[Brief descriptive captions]

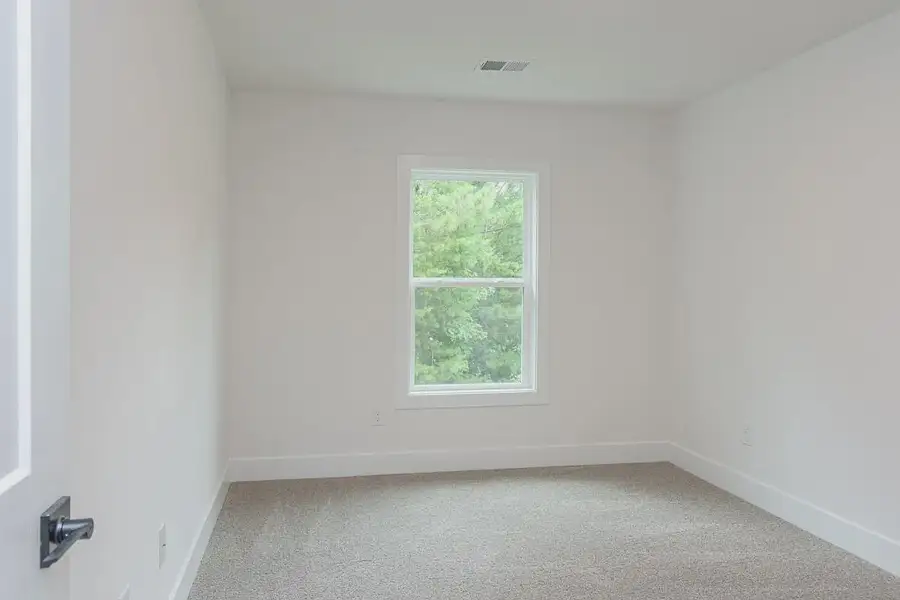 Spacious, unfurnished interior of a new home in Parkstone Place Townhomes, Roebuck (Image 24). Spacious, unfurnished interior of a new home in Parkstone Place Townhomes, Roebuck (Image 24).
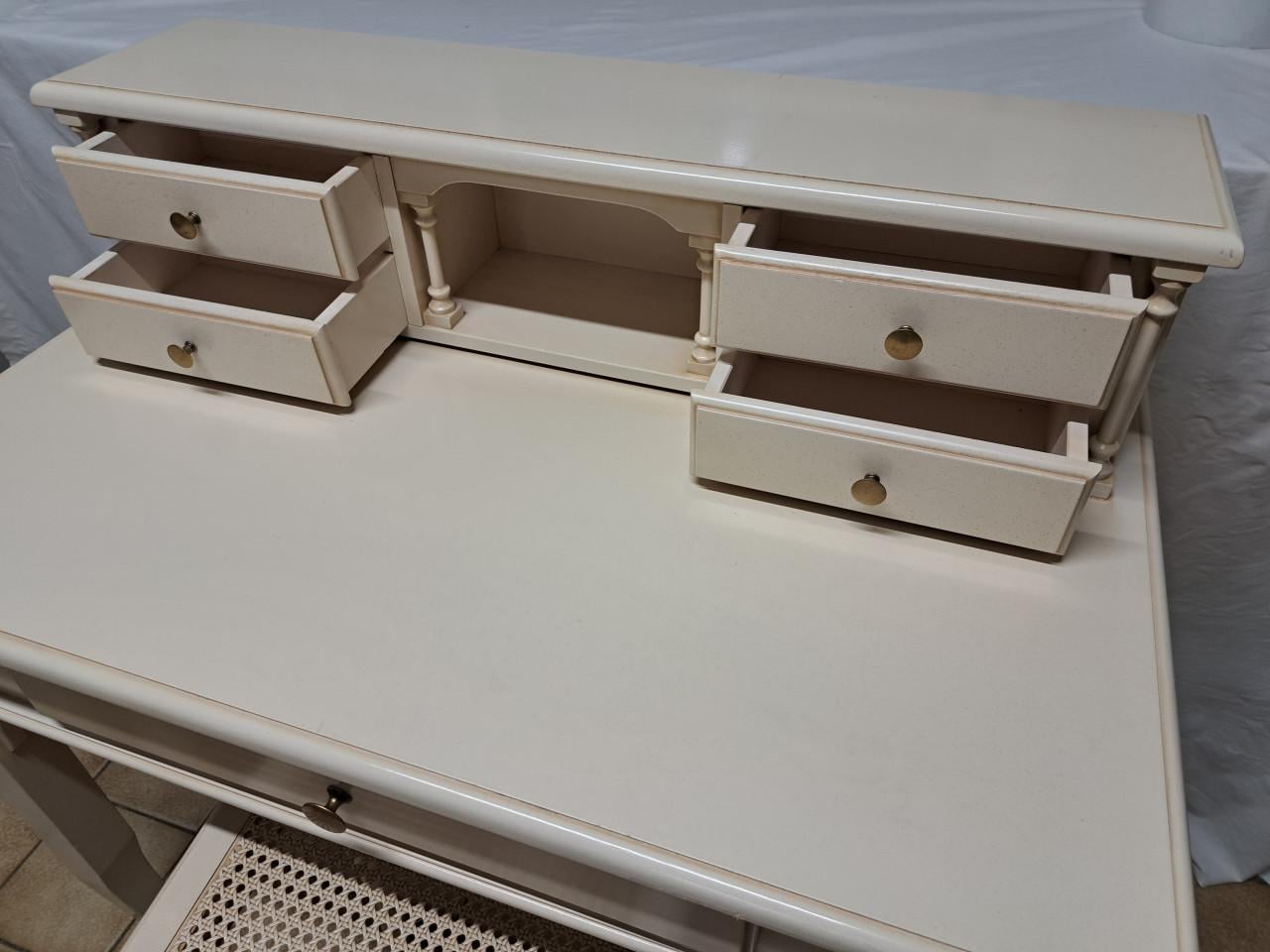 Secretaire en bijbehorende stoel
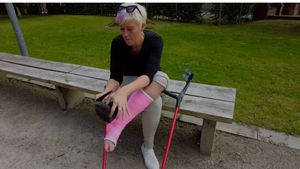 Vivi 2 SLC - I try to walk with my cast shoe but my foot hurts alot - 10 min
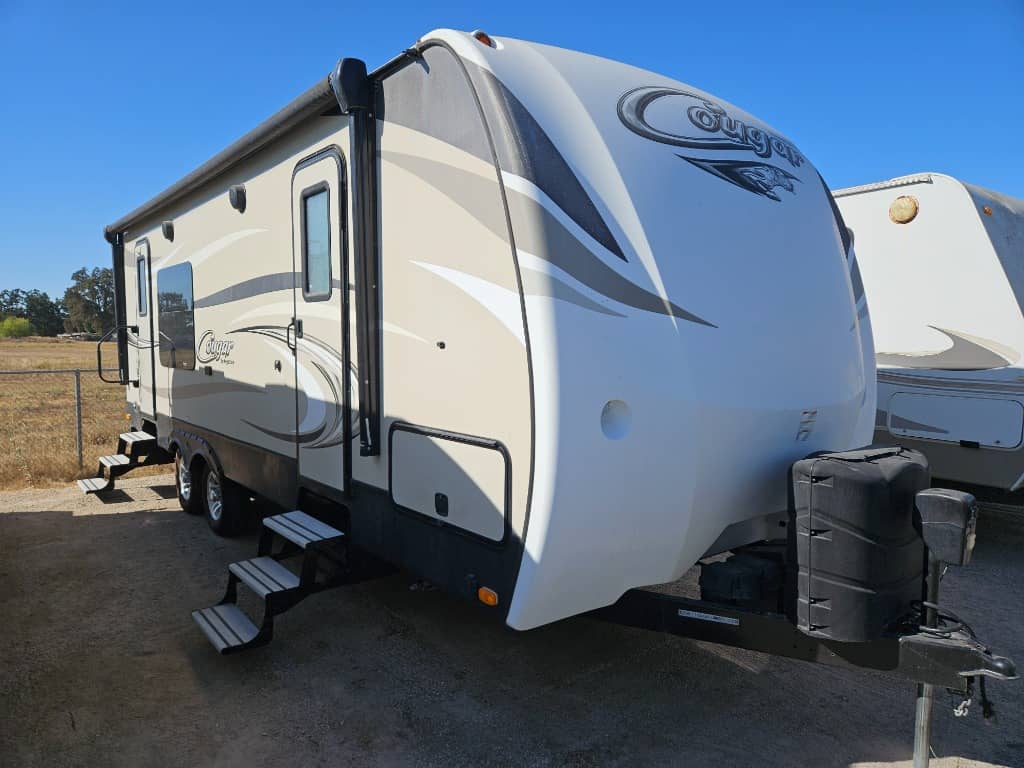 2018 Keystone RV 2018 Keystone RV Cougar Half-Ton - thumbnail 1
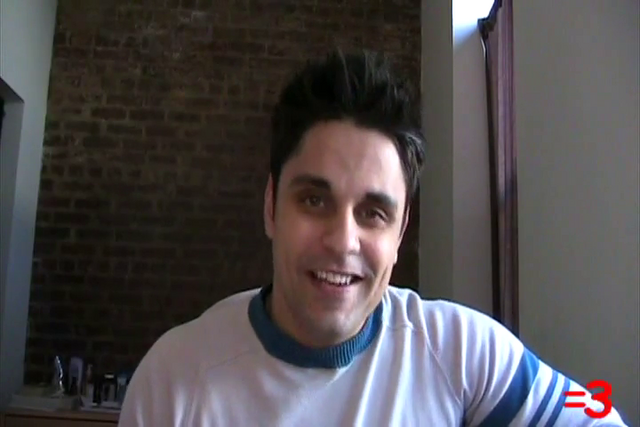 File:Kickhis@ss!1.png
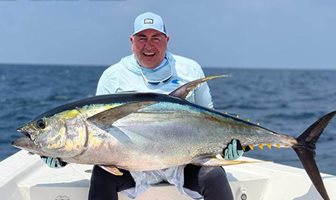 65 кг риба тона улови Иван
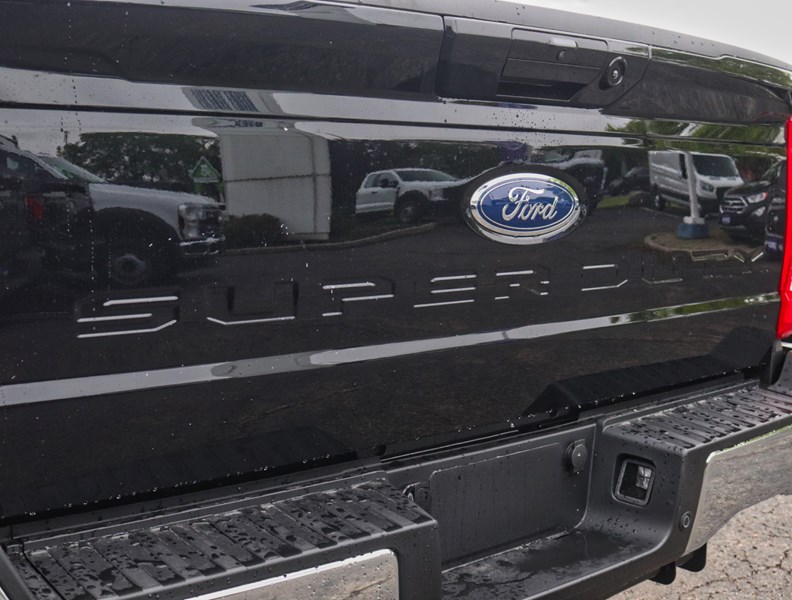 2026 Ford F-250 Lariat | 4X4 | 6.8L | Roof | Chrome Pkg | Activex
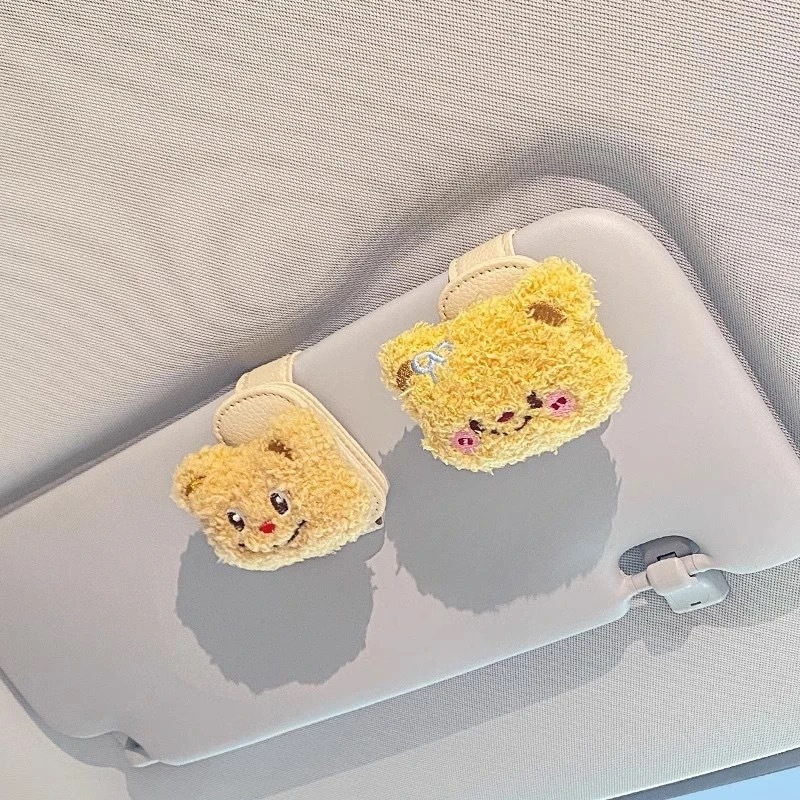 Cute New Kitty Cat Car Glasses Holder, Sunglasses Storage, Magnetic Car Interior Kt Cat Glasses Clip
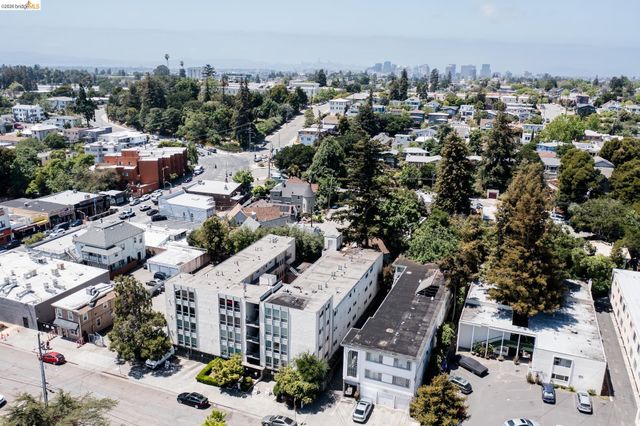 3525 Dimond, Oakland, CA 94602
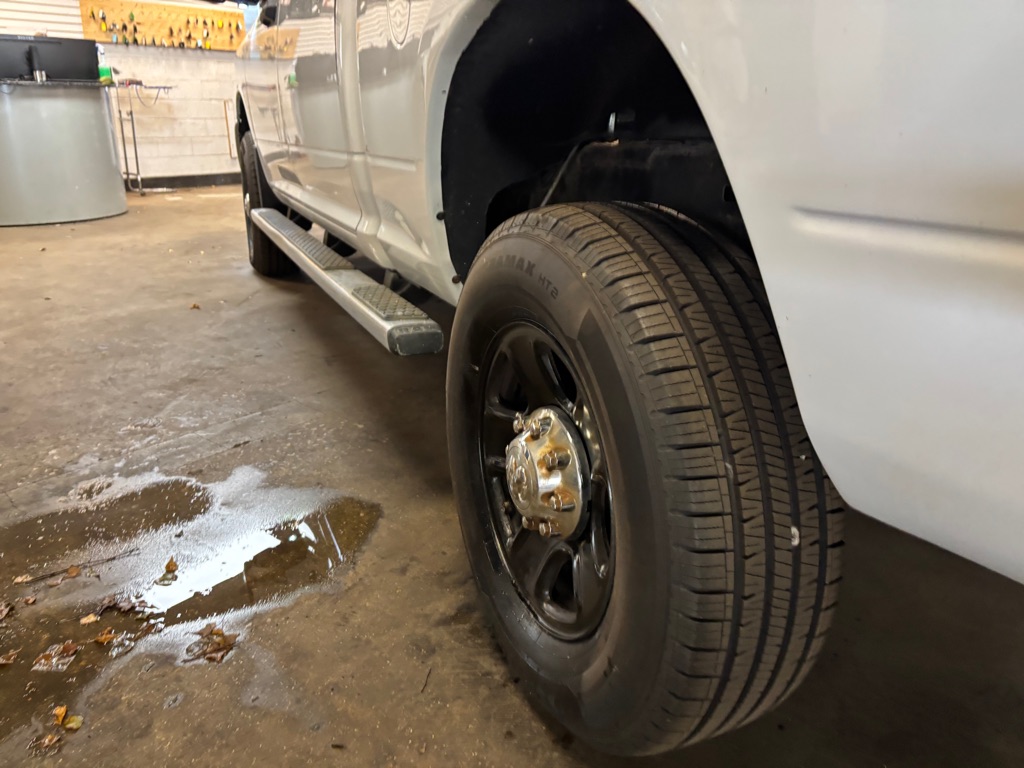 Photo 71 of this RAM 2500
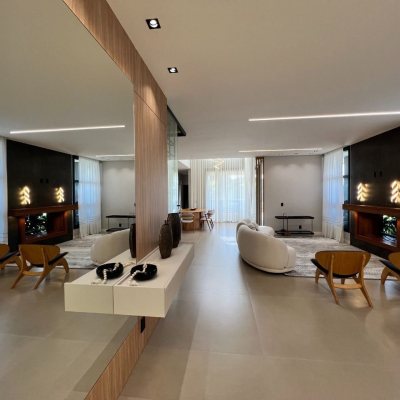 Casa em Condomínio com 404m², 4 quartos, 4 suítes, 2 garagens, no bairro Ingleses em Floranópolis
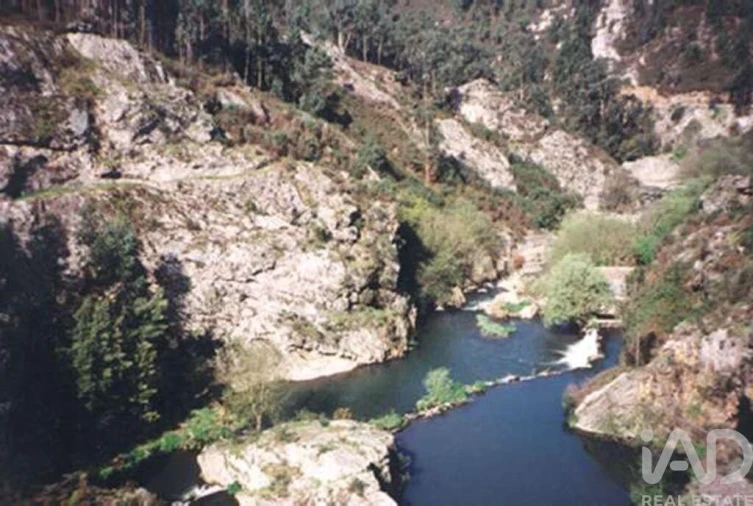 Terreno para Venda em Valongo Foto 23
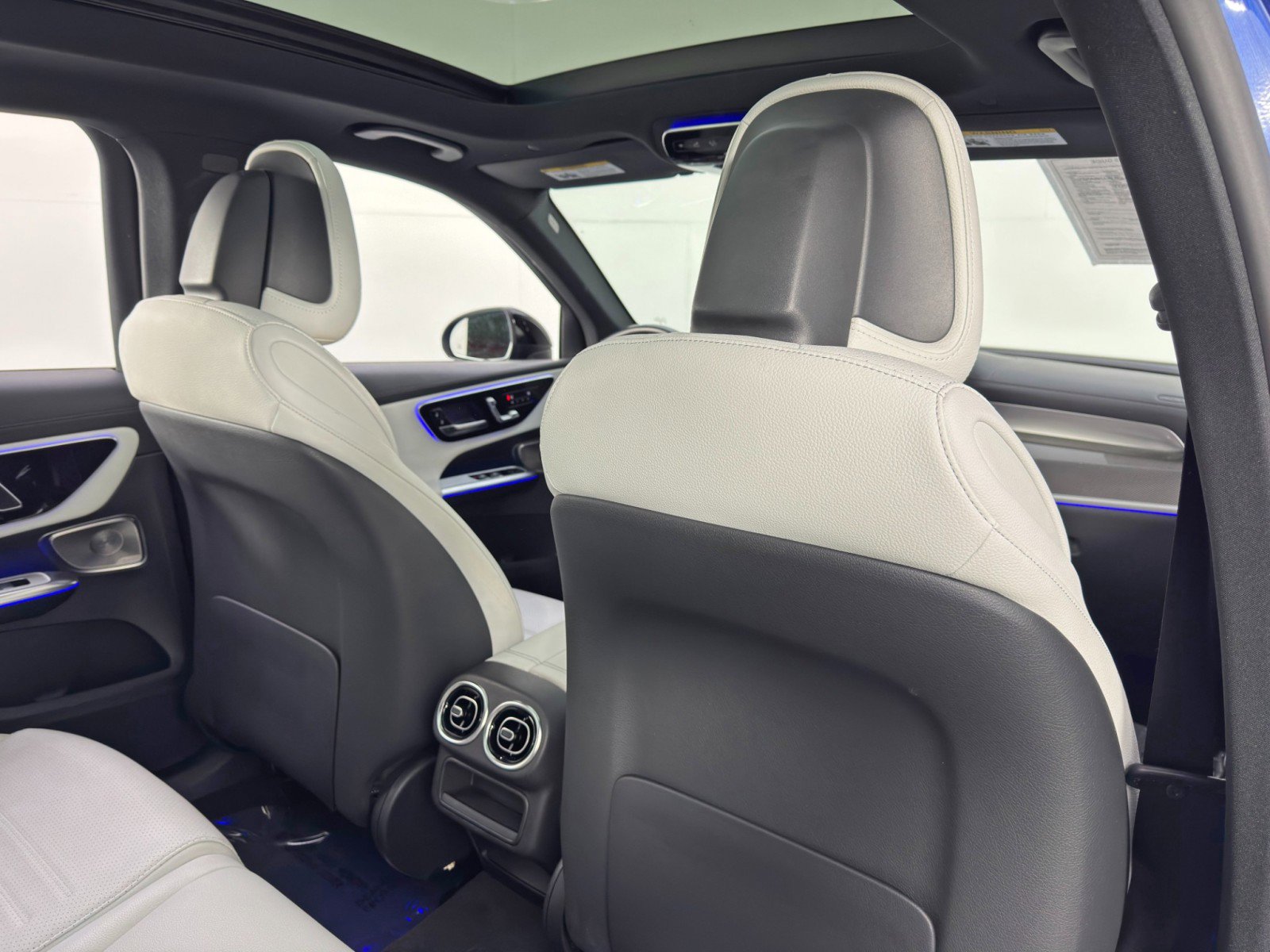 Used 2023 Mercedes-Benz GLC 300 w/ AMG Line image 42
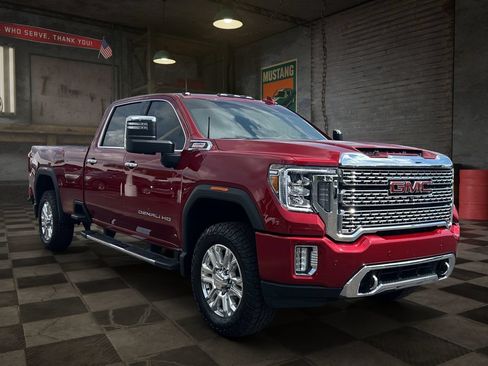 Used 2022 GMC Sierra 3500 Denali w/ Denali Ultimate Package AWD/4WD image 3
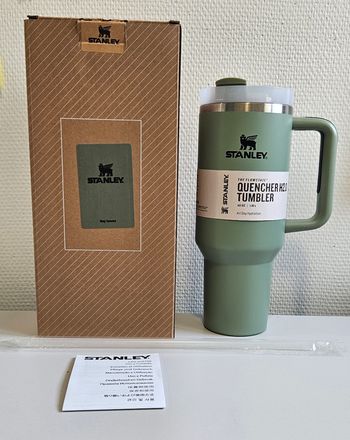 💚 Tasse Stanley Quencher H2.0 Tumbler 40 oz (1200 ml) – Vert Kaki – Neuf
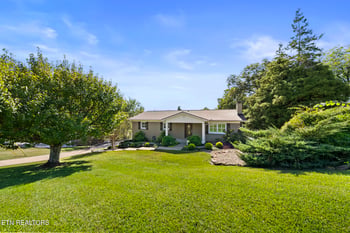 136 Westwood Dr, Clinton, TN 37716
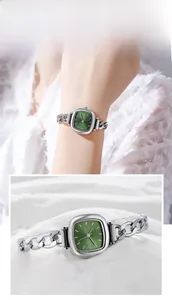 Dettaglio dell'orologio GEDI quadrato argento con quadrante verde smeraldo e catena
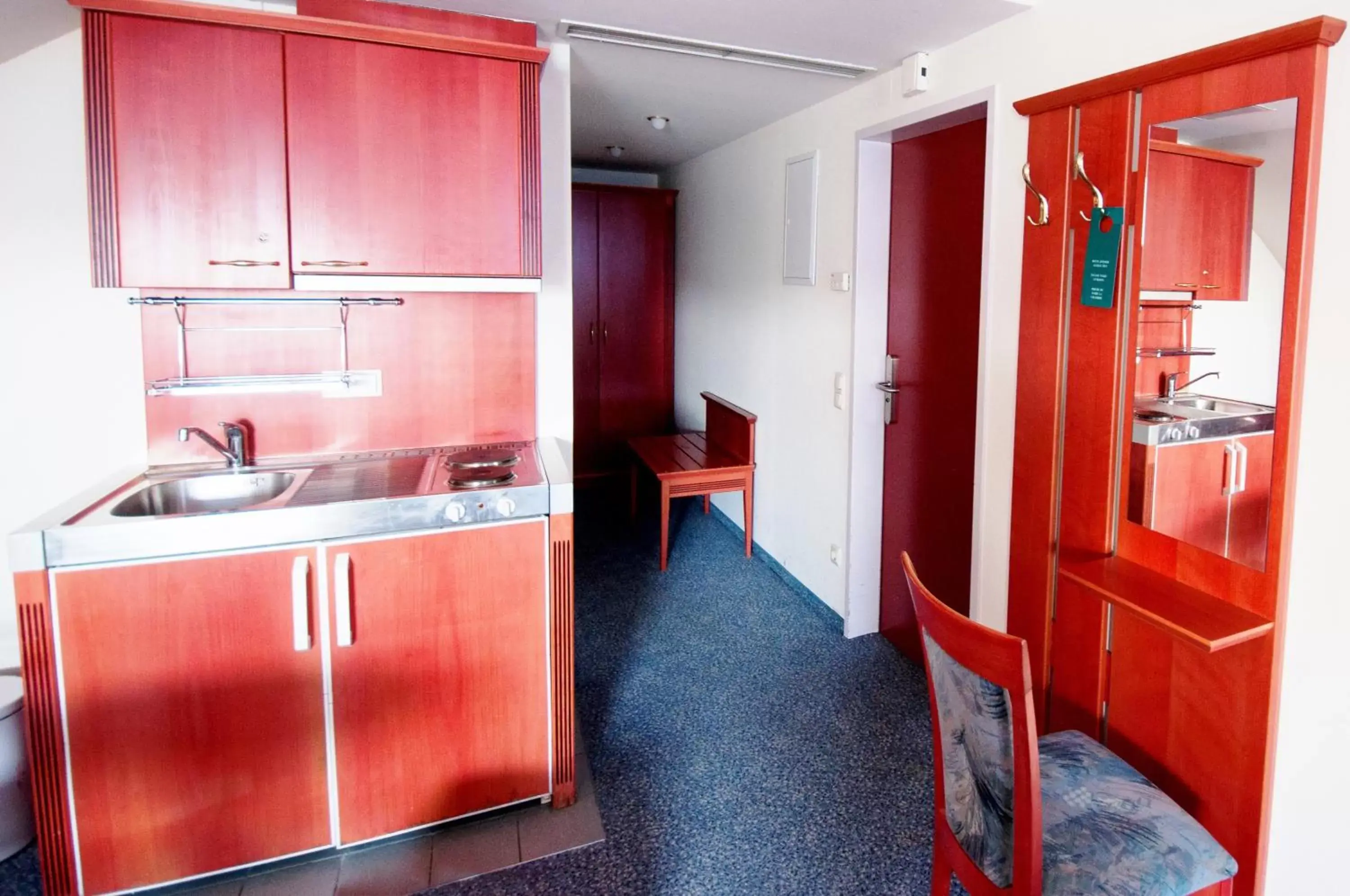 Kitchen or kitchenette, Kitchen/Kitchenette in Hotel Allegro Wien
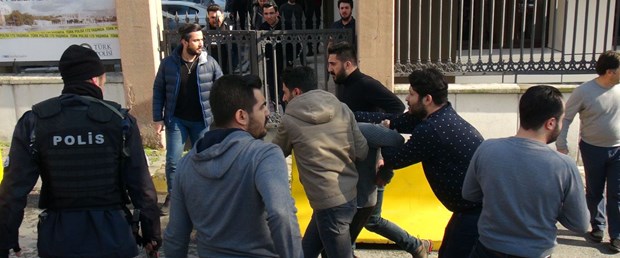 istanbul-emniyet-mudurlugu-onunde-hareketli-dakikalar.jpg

→ Task statement
Output exactly the lines from the one containing "Used 2023 Mercedes-Benz" through the last line of the records above, both included, leaving out any pictures.

→ Exercise result
 Used 2023 Mercedes-Benz GLC 300 w/ AMG Line image 42
 Used 2022 GMC Sierra 3500 Denali w/ Denali Ultimate Package AWD/4WD image 3
 💚 Tasse Stanley Quencher H2.0 Tumbler 40 oz (1200 ml) – Vert Kaki – Neuf
 136 Westwood Dr, Clinton, TN 37716
 Dettaglio dell'orologio GEDI quadrato argento con quadrante verde smeraldo e catena
 Kitchen or kitchenette, Kitchen/Kitchenette in Hotel Allegro Wien
 istanbul-emniyet-mudurlugu-onunde-hareketli-dakikalar.jpg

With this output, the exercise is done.